My findings offer nuance to Libson’s assumption that, functionally, customs were justified through the ḥadīth genre and consensus. I argue, instead, that the use of custom in law making was an essential part of the legal methodology of some of the jurists of the formative period. I also elaborate on Libson’s claim that necessity played an important role in accommodating customs in the post-classical period by exploring a hitherto understudied legal maxim that I traced back as early as al-Juwaynī. This legal maxim, which elevated social needs to the level of necessity, opened the door wide for customary practices to modify the law. Premodern jurists often equated these widely practiced social needs (ḥāja ʿāmma) with custom in their discussions.
The legal maxim “necessities permit the forbidden” (al-ḍarūrāt tubīḥ al-maḥẓūrāt) continued to be invoked in the four Sunni schools but elevating “need” to the level of “necessity” was widely accepted in both the Shāfiʿī and Ḥanafī schools. In the larger Mālikī and Ḥanbalī schools, this move seems to have received less attention, except in the works of mavericks such as al-Ṭūfī and to a lesser degree al-Shāṭibī.

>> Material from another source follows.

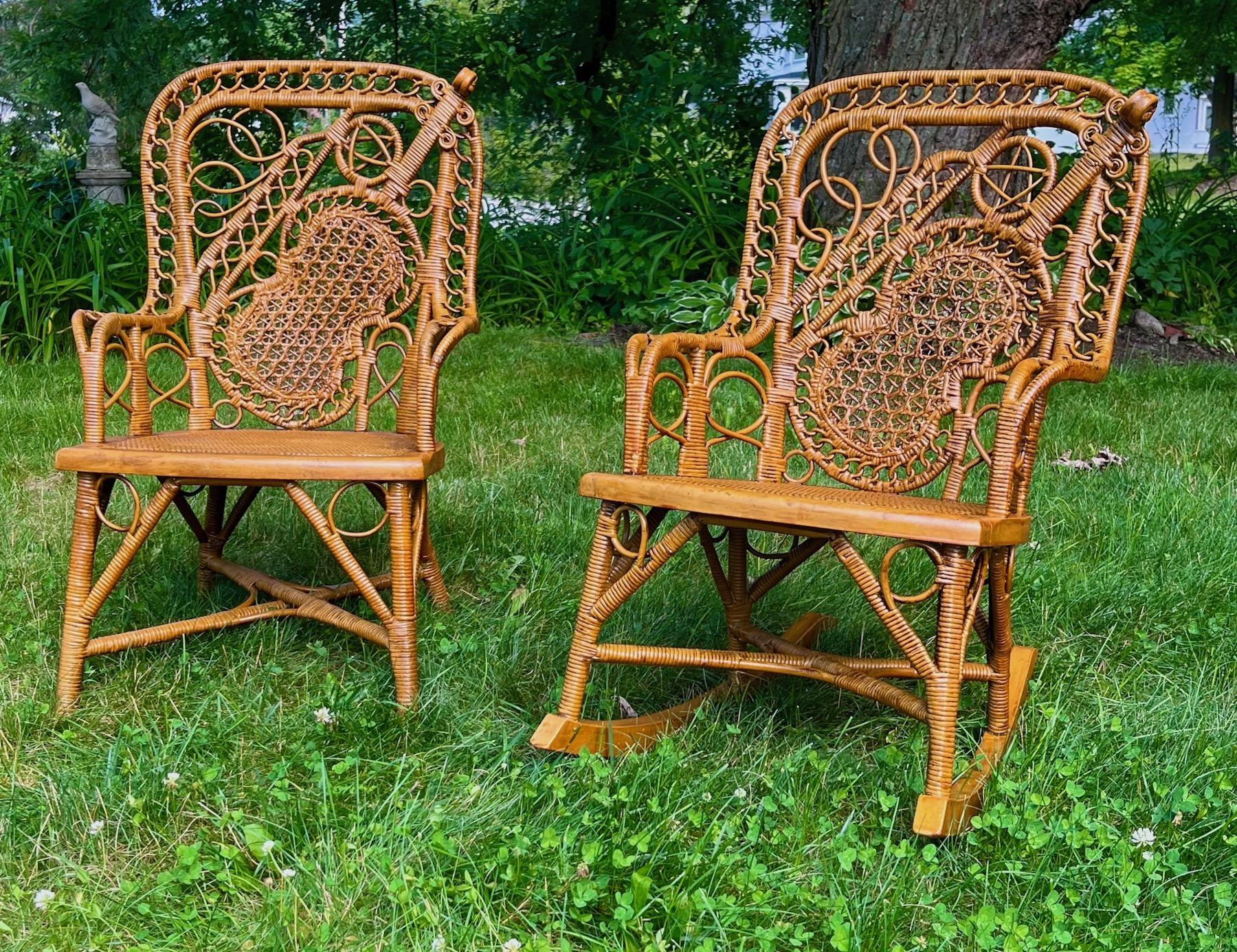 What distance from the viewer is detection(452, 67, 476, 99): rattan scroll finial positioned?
3182 millimetres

My findings also offer a counter argument to Hallaq’s critique of the codification of Islamic law in the modern period where, as he argues, ḍarūra was used as a legal theory. Hallaq presents this modern development as a relapse of Islamic law and a sign of modern incoherence to be contrasted with the sophistication of premodern uṣūl al-fiqh.121 I hope to have shown that ḍarura has always been utilized in Islamic law to avoid the rigidity of the successful four-source theory of law, which had a lasting impact on Sunni juristic discourse in the post-formative period. Many aspects of the rationalist legal methodologies of Abū Ḥanīfa and Mālik continued throughout Islamic legal history, albeit under new categories.

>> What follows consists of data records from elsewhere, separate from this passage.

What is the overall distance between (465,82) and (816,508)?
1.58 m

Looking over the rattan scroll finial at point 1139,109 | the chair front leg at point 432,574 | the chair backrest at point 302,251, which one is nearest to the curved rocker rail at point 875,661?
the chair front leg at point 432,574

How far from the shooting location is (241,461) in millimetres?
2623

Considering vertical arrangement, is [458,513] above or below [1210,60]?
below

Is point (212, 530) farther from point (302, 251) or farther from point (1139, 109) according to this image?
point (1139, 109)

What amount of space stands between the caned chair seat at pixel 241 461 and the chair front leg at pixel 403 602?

In the modern period, al-Juwaynī’s move is routinely invoked to justify modern discourses and contingencies. The European Council for Fatwa and Research (ECFR) relied on the premodern legal maxim that elevates need to necessity in a fatwa permitting the gharar inherent in modern insurance transactions citing al-Juwaynī’s maxim: “the general need is treated as an individual necessity.”122 Insurance contracts in this sense represent a new custom in Muslim societies (even where Muslims are a minority), which are justified through the same mechanism of public welfare inherent in the concepts of necessity and need. In line with the dominant post-classical approach to custom, contemporary Muslim jurists have not attempted to endow custom with independent legislative power, relying instead on exigency. They have also continued to assume that the valorization of custom lies with the jurists, rather than with society.
Ahmed Fekry Ibrahim, Assistant Professor of Islamic law at McGill University. Special thanks to my research assistants, Ahmad Munir and Omar Edaibat for their research help. I also thank the Social Sciences and Humanities Research Council of Canada (SSHRC) for providing me with the funding necessary to complete this project. I am grateful to the anonymous reviewers and to Asad Ahmed for their helpful comments.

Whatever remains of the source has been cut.